CausalInferenceChallenges

This repository contains the code for "Challenges and an Empirical Evaluation Framework forCausal Inference with Natural Language"

Setup

To follow us exactly:

  1. create a conda environment with python 3.6
  2. Install the following packages:
  • pytorch v. 0.4.1
  • pytorch_pretrained_bert
  • nltk
  • scikitlearn
  1. Make sure reddit post data 'posts.npy' is downloaded and in the data folder

Instructions for Replication

This code block lists the steps taken to run the same experiments as are included in the paper, and produce plots of the same kind.

For each experiment listed in the AXIS BLOCK in Analyze_results_annotated.ipynb, run the experiment using run_experiment_annotated.py. The settings for a given experiment are given in the filename for a given axi experiment e.g.

# experiment_1_0_0_0_0_60
python run_experiment.py -exp 1_0_0_0_0 -size 60 -lr <lr> -bs <bs> -n_it <n_it>

# experiment_0_0_0_1_0_60
python run_experiment.py -exp 0_0_0_1_0 -size 60 -lr <lr> -bs <bs> -n_it <n_it>

# experiment_1_0_0_0_0_60_nuser4000
python run_experiment.py -exp 0_0_0_1_0 -size 60 -n_user 4000 -lr <lr> -bs <bs> -n_it <n_it>

running commands listed above should return outputs with the correct name format, so running the commands above (and corresponding ones for all other experiments) should be sufficient to get outputs for analysis.

NOTE: training of HBERT can be quite inconsistent. In practice, it can take multiple starts with different learning rates to train an effective model. This also depends heavily on batch size, which itself depends on the GPU you are running on. Some good settings to start with: lr = 0.0001 bs = 512 n_it = 40000

One each experiment runs, go through Analyze_results_annotated.ipynb to run random bootstrap causality experiments on the propensity scores returned by models, and finally produce similar plots to the paper.

Instructions for adding model

The most simple way to do this will be closely follow the code structure of either logistic regression or HBERT models.
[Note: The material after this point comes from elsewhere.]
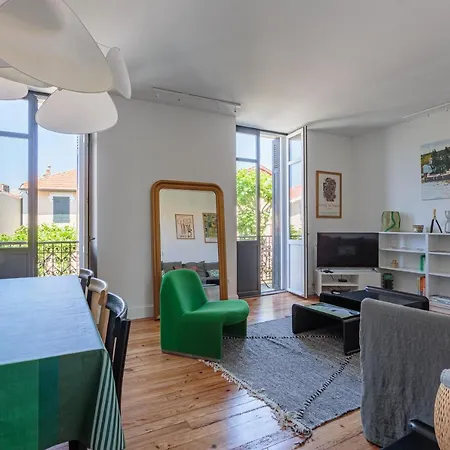 T4 Renove Centre De Apartamento Biarriz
For instance, take your model code/training script, and fit it into the structure of the propensity model training function in HBERT_simple.py.

Specifically, it is important for your model to have a 'propensity_model' wrapper like the Hierarchical_BERT_propensity_model class.

It should include a 'fit' function that trains the model, as well as a 'score' function which takes a list of examples in the given data format and returns propensity scores for it.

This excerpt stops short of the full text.